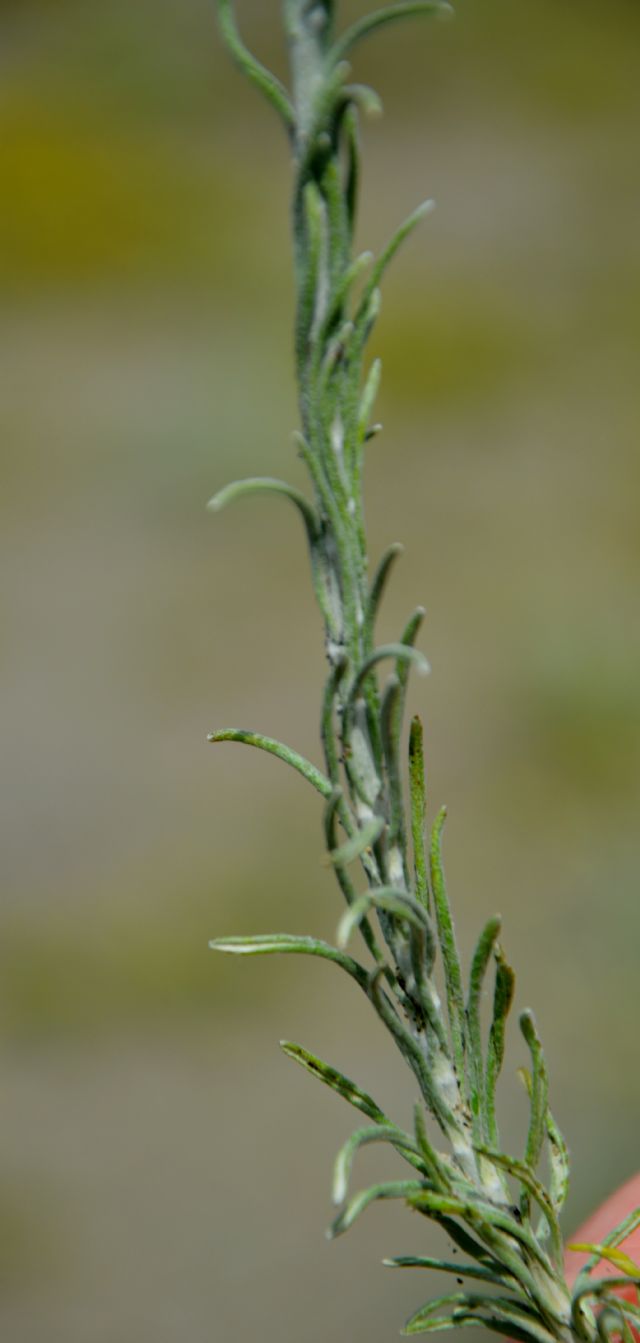 Helichrysum italicum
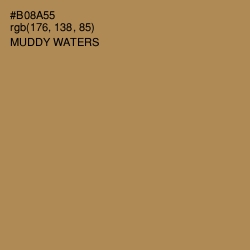 #B08A55 - Muddy Waters Color Image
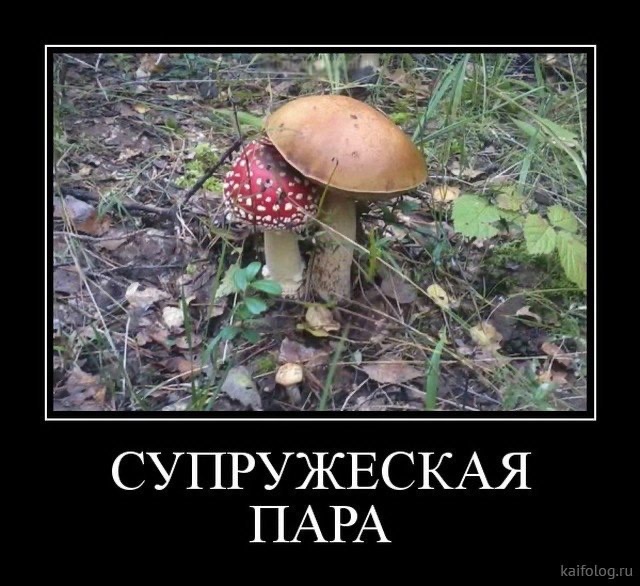 изображение_viber_2020-06-05_09-18-00.jpg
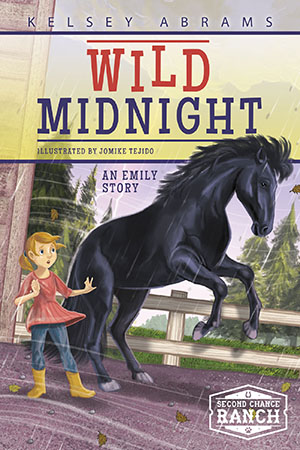 Emily has her heart set on rescuing a wild mustang, but her family gets outbid at an auction. Instead she settles for helping a nearby ranch muck out stalls where some of the mustangs now reside. She quickly earns a reputation as a horse whisperer for her ability to calm Midnight, a horse that others cannot control. But even Emily can’t help when a tornado blows through the area and Midnight gets loose. Or can she?

At Second Chance Ranch, the Ramirez family works to find homes for all kinds of animals on their 200-acre ranch in Texas. Sisters Natalie (12), Abby (10), and twins Emily and Grace (9) all do their part to give each animal the second chance it deserves.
☆ ☆ ☆
§ TRY IT: The expected output is the exact run of lines from the first line of the material above through the line that contains "Emily has her", minus any pictures.

§ COMPLETED EXERCISE:
 Helichrysum italicum
 #B08A55 - Muddy Waters Color Image
 изображение_viber_2020-06-05_09-18-00.jpg
 Emily has her heart set on rescuing a wild mustang, but her family gets outbid at an auction. Instead she settles for helping a nearby ranch muck out stalls where some of the mustangs now reside. She quickly earns a reputation as a horse whisperer for her ability to calm Midnight, a horse that others cannot control. But even Emily can’t help when a tornado blows through the area and Midnight gets loose. Or can she?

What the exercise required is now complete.